Records provided Block Start
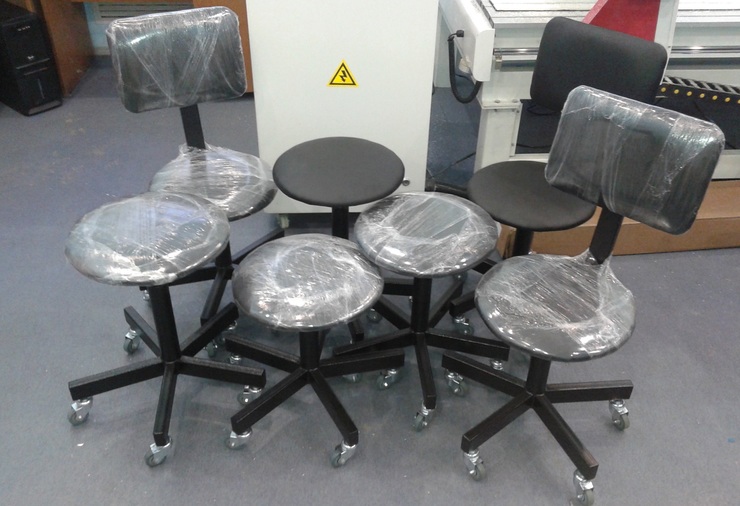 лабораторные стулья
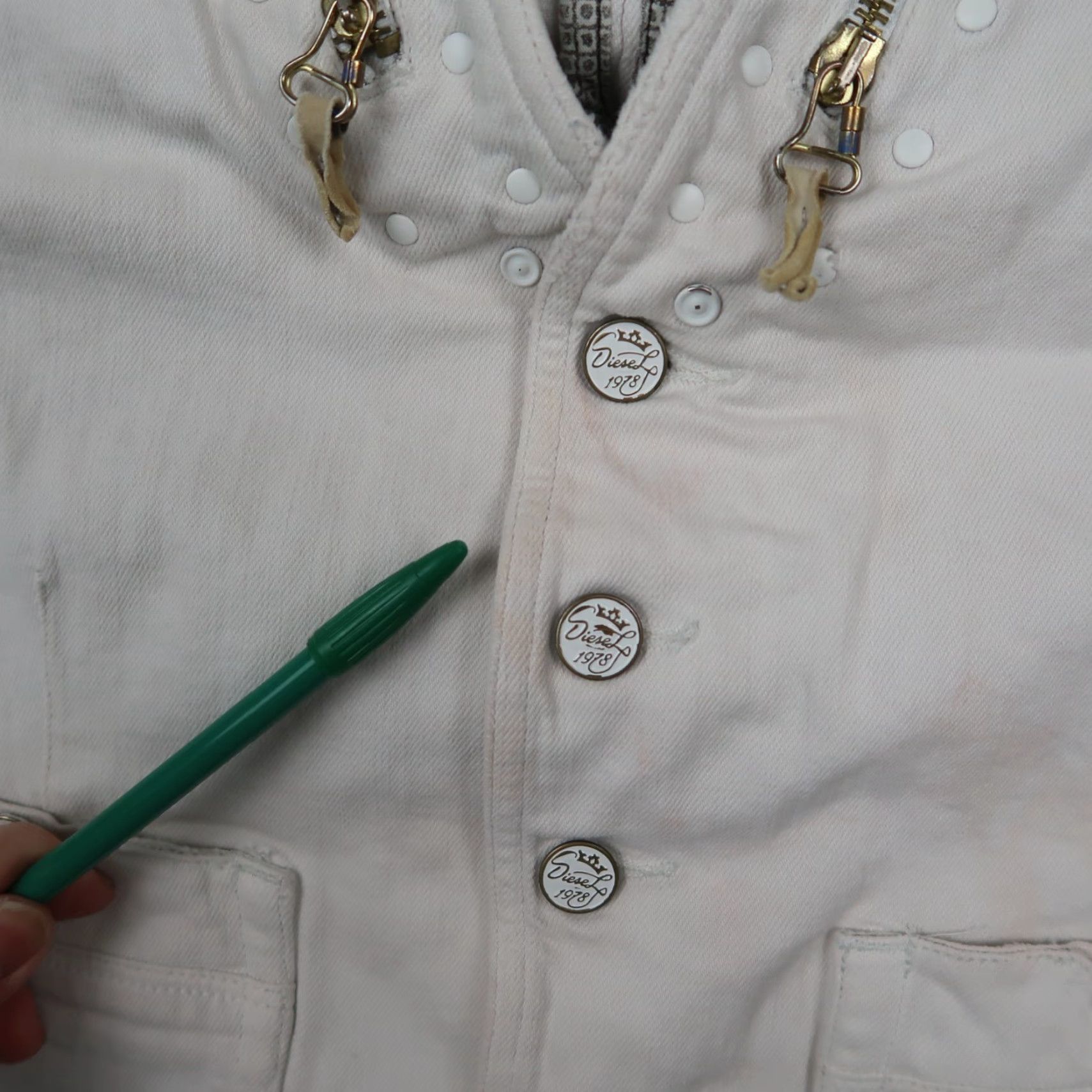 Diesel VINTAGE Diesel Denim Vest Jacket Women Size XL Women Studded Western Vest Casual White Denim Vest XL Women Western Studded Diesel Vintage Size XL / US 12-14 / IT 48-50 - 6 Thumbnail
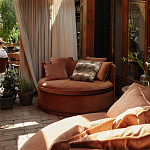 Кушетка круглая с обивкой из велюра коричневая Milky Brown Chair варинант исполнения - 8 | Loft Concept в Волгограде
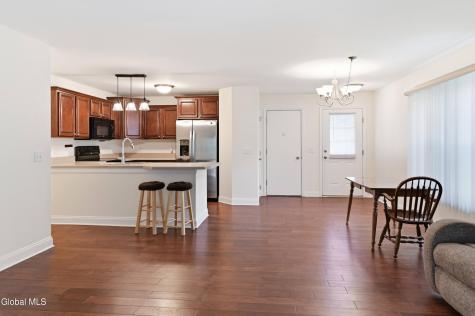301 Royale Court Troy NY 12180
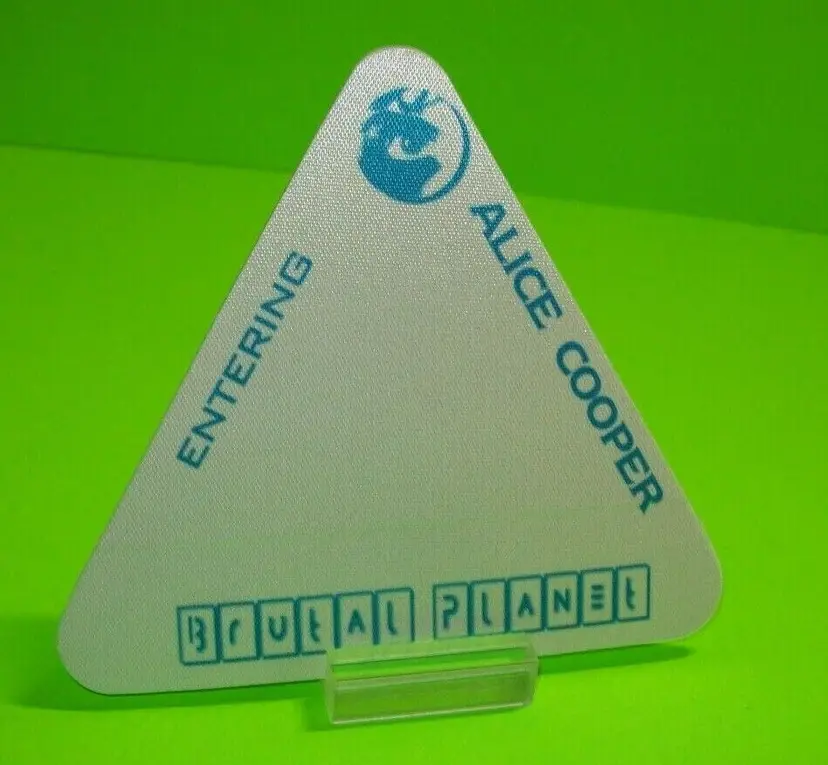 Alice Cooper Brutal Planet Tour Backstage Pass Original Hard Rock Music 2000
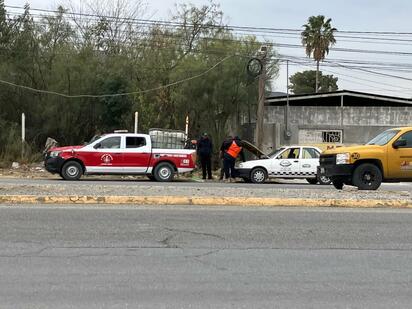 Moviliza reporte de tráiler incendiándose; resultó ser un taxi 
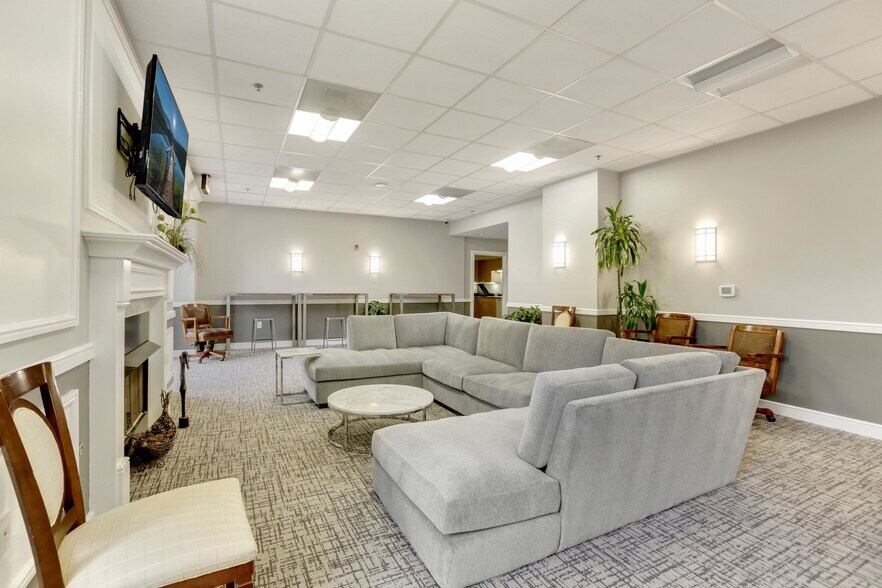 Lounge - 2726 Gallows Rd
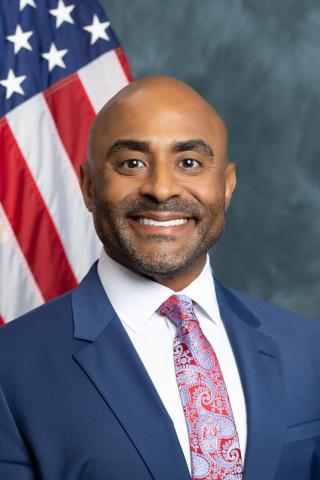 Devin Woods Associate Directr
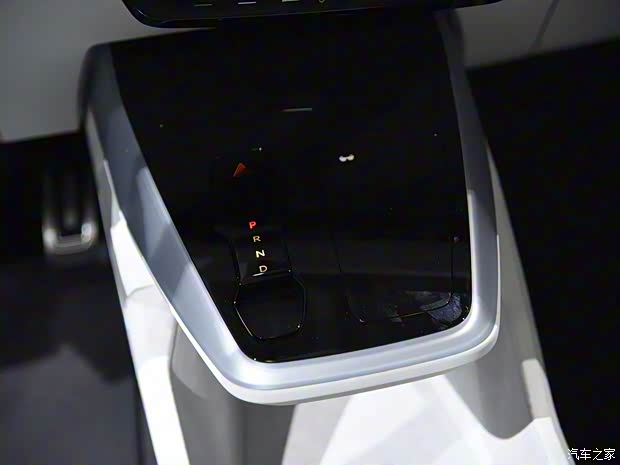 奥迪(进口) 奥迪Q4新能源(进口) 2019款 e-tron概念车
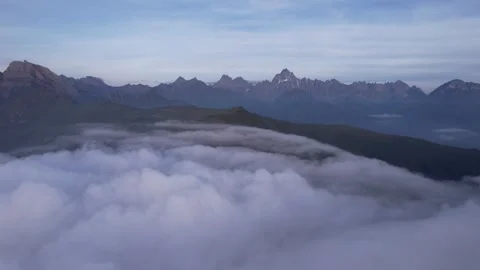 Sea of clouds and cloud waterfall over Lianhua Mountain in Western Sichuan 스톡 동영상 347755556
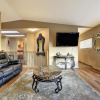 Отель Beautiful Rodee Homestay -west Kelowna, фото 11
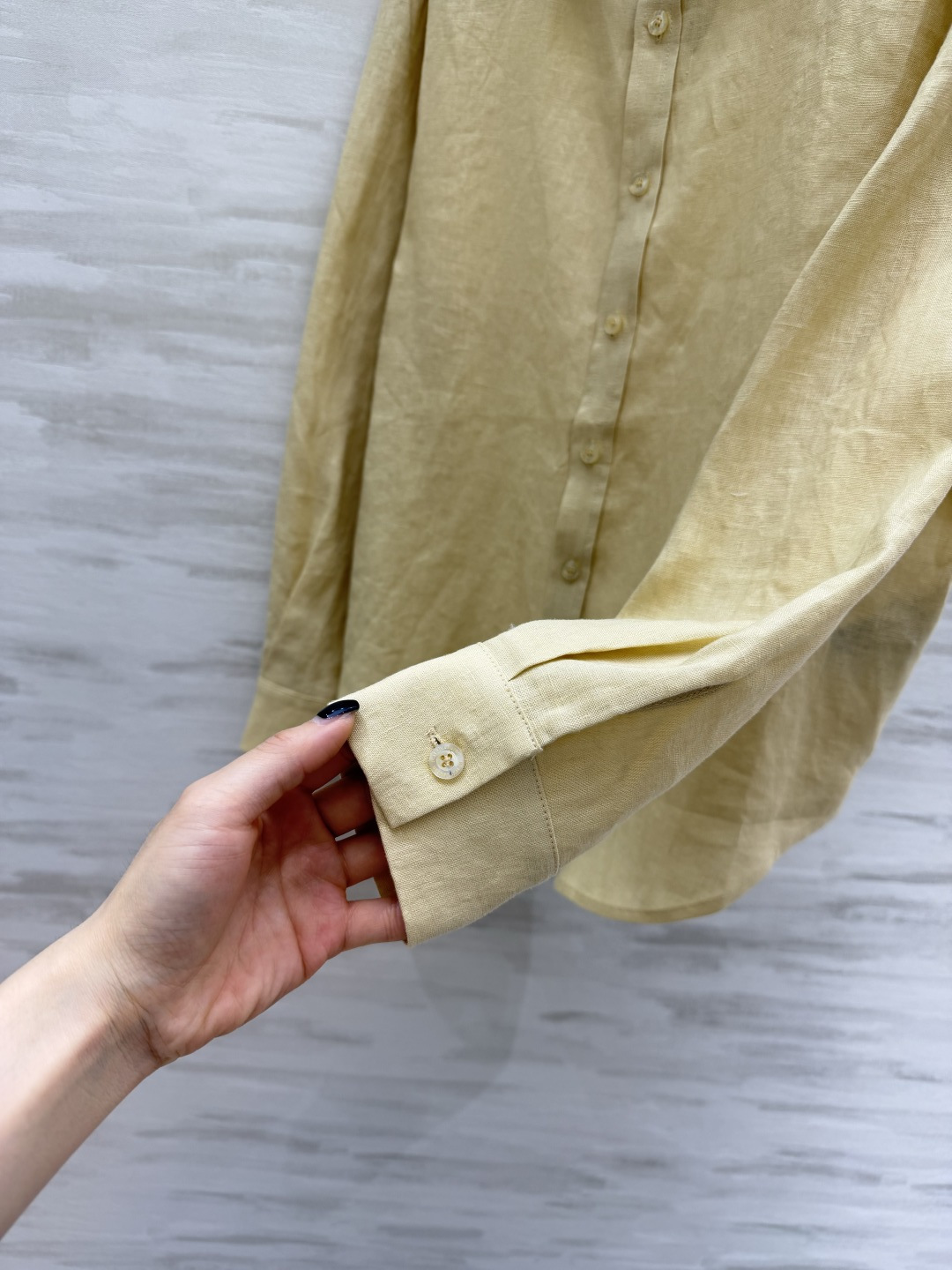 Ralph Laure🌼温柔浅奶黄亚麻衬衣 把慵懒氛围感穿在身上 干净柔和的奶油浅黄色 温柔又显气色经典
Records provided Block End
# Work to complete
Go through the records above and write out every line exactly, passing over the pictures.

# Exercise response
 лабораторные стулья
 Diesel VINTAGE Diesel Denim Vest Jacket Women Size XL Women Studded Western Vest Casual White Denim Vest XL Women Western Studded Diesel Vintage Size XL / US 12-14 / IT 48-50 - 6 Thumbnail
 Кушетка круглая с обивкой из велюра коричневая Milky Brown Chair варинант исполнения - 8 | Loft Concept в Волгограде
301 Royale Court Troy NY 12180
 Alice Cooper Brutal Planet Tour Backstage Pass Original Hard Rock Music 2000
 Moviliza reporte de tráiler incendiándose; resultó ser un taxi 
 Lounge - 2726 Gallows Rd
 Devin Woods Associate Directr
 奥迪(进口) 奥迪Q4新能源(进口) 2019款 e-tron概念车
 Sea of clouds and cloud waterfall over Lianhua Mountain in Western Sichuan 스톡 동영상 347755556
 Отель Beautiful Rodee Homestay -west Kelowna, фото 11
 Ralph Laure🌼温柔浅奶黄亚麻衬衣 把慵懒氛围感穿在身上 干净柔和的奶油浅黄色 温柔又显气色经典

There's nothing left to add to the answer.